First Published: 2017-11-07

Oil surges on Saudi-Iran tensions
Markets are concerned that supply could be cut off should there be any conflict between Saudi Arabia and Iran.
Middle East Online

SINGAPORE - Oil prices made rapid gains overnight as geopolitical tensions surged between Saudi Arabia and Iran, sparking fears of a conflict that could disrupt supplies from two major producers.

But prices retreated slightly in early Asian trade on Tuesday as traders engaged in profit-taking after both products reached levels not seen in over two years.

"Tensions between Iran and Saudi Arabia look to be a major disruptor with markets concerned that supply could be cut off should there be any conflict", said Shane Chanel, equities and derivatives adviser at ASR Wealth Advisers in Sydney.

Riyadh and Tehran have been trading fierce accusations over their involvement in Yemen, where Sunni-ruled Saudi Arabia and predominantly Shiite Iran back opposing sides.

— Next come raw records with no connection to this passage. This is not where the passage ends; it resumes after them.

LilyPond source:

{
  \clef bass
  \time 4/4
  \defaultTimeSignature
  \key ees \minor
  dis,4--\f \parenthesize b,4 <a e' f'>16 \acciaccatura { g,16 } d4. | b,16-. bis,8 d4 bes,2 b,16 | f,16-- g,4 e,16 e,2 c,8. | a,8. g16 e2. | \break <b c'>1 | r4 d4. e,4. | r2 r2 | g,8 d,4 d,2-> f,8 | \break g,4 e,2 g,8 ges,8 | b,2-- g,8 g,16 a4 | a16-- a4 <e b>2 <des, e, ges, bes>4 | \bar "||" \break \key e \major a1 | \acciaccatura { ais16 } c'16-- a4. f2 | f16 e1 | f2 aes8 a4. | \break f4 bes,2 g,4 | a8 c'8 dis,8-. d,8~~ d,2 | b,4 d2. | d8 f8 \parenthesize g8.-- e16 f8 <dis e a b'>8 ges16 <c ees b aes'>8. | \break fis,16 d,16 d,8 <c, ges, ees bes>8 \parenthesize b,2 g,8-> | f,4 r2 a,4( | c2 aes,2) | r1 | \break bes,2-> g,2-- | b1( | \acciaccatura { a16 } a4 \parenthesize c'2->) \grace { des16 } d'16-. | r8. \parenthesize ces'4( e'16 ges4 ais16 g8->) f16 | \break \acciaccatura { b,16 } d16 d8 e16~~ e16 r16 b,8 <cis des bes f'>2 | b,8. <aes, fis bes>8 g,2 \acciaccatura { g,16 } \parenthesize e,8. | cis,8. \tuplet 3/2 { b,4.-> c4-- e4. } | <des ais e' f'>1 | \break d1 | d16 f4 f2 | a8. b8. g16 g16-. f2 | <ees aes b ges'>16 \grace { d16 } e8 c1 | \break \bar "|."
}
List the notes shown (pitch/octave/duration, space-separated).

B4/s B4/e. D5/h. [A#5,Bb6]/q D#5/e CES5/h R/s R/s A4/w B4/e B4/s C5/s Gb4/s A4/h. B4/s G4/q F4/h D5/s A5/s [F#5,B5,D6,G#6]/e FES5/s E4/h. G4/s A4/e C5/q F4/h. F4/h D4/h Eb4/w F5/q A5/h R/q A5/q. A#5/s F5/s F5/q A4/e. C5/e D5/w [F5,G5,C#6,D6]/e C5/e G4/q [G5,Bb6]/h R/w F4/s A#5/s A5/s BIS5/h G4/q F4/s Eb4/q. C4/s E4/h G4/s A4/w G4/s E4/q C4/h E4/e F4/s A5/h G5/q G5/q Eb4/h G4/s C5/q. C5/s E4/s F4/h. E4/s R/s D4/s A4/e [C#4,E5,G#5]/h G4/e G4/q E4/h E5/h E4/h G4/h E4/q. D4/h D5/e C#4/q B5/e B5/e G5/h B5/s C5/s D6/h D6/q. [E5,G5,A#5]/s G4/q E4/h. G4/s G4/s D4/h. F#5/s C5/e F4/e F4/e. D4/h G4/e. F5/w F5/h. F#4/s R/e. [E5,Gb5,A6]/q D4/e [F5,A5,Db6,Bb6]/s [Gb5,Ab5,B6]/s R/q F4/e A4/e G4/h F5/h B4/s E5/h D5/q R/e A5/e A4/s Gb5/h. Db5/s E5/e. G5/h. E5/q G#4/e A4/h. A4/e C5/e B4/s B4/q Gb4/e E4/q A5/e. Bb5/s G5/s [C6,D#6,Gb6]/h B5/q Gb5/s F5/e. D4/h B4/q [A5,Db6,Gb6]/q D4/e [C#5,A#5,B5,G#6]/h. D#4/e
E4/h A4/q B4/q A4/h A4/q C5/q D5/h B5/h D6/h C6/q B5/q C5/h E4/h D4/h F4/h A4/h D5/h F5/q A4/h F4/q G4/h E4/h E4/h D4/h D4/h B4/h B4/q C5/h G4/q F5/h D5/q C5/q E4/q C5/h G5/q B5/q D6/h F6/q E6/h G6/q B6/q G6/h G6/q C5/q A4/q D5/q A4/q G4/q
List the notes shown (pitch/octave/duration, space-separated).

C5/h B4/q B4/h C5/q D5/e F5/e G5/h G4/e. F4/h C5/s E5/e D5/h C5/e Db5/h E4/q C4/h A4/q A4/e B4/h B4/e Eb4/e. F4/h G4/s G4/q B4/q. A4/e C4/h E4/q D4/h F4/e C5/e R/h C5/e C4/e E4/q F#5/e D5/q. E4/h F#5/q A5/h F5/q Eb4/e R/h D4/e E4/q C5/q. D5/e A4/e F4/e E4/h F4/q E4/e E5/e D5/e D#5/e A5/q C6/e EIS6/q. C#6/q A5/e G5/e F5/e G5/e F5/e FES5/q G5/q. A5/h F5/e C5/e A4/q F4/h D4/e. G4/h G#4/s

In the latest flare-up Saudi Arabia said an intercepted missile attack on the country, allegedly by Tehran-backed rebels in Yemen, "may amount to an act of war".

Tehran in turn accused Riyadh of committing war crimes in Yemen, raising tensions further.

But analyst Chanel said the accusations were unlikely to spiral into full-blown conflict.

At about 0330 GMT, US benchmark West Texas Intermediate was up four cents to $57.39 a barrel while Brent crude was down eight cents to $64.19 a barrel.

In the mid-term, prices are likely to continue gaining ground with an OPEC-led cap on supplies likely to continue into 2018, said Greg McKenna, chief market strategist at AxiTrader.

"The Russians have been a very important driver in OPEC solidary by agreeing to play ball, but also threatening to push up production had the agreement fallen through," McKenna added.

Crude has been on an upward trajectory in recent months as major oil producers, led by the Saudis and Russians, struck a historic deal last year to cut output by 1.8 million barrels per day for six months.

The deal was extended by nine months until March, bringing relief to the markets after a global supply glut had hammered prices since 2015.

Traders will now be looking to crude stockpile figures due later today from the American Petroleum Institute to offer an updated indication of market demand.